O termo faz referência à Área de Planejamento 5 (AP5), que corresponde à área da Zona Oeste em que a milícia atua, e que, durante a realização de estudos, permitiria que o transporte alternativo circulasse fora do itinerário determinado. Isso ajudaria na arrecadação das vans, uma das principais fontes de recursos à milícia.

“A parlamentar atuou de forma aguerrida na defesa dos interesses econômicos da malta a qual integram, em detrimento da sociedade”, diz treco da denúncia.

Mensagens interceptadas pela investigação mostra que em 9 de setembro de 2021 mostra que Lucinha teria pedido para o miliciano Domício Barbosa, o Dom, ajuda para montar o local que receberia os representantes da prefeitura onde ela iria tratar do tema das vans.
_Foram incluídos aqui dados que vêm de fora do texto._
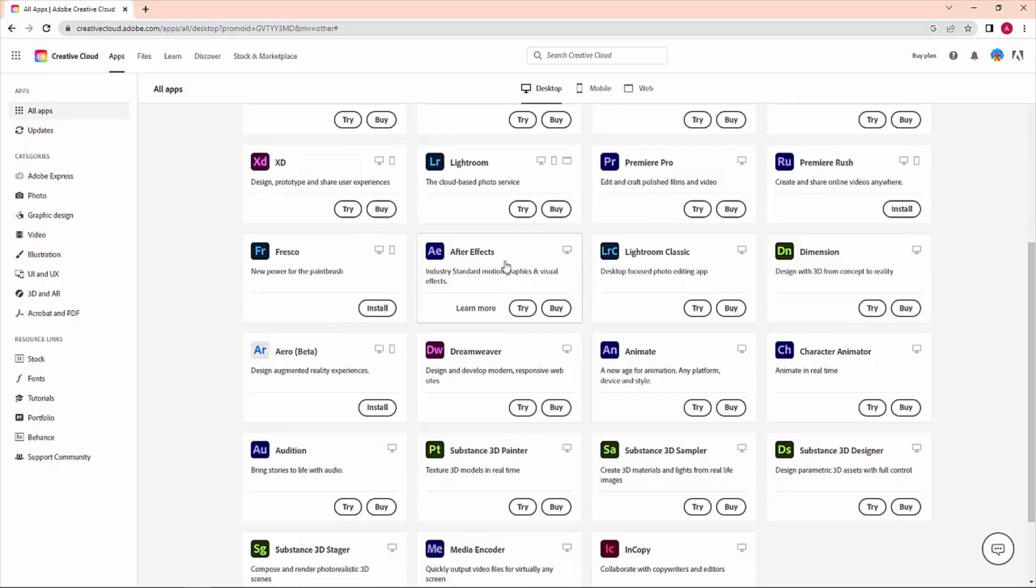Here is our software After Effects. You can try it for seven days for free or you can buy it from this site. For now, I'll try it for seven days, so I just click on 'Try it now'.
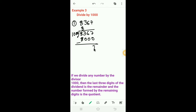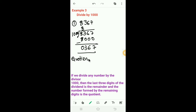Now division by 1000. Example one: dividing a number by 1000 — 7 minus 0 is 7, 6 minus 0 is 6, 3 minus 0 is 3, 8 minus 8 is 0. So here 8 is the quotient and the remainder is equal to 367.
Logo depois, a parlamentar começa a pedir informações se os veículos estão legalizados e orienta: “É para estar todos os carros na reunião”. Dom responde: “pode deixar que vou mandar os motoristas com os carros”.

Conversas de Lucinha — Foto: Reprodução

No dia seguinte, ela volta a falar com Domício e marca um encontro com ele no Centro Social de Santa Cruz, na Zona Oeste do Rio para os dois “acertarem tudo”. O miliciano diz que tinha conseguido as lonas, cadeiras e café da manhã para a reunião do dia seguinte. E Lucinha orienta a como os motoristas deveriam se comportar:

“Vou chegar às 7h30. Pede para os 2 que vão falar me procurar. Vocês já orientam a eles para falarem e perguntar também. Orienta também para quando eu falar defendendo o transporte alternativo para baterem palmas. Para eles saberem que nós estamos juntos”

Lucinha publicou em suas redes sociais fotos do encontro: “começamos tendo reunião com os representantes dos transportes alternativos regularizados, para ouvir suas demandas e assegurar que esses possam seguir com seu trabalho e sustentando suas famílias e pagando as prestações das vans, de forma digna”. Em seguida, concluiu: “teremos uma reunião no gabinete do prefeito com a secretaria de transporte e de ordem pública, para ouvir representantes dos motoristas”.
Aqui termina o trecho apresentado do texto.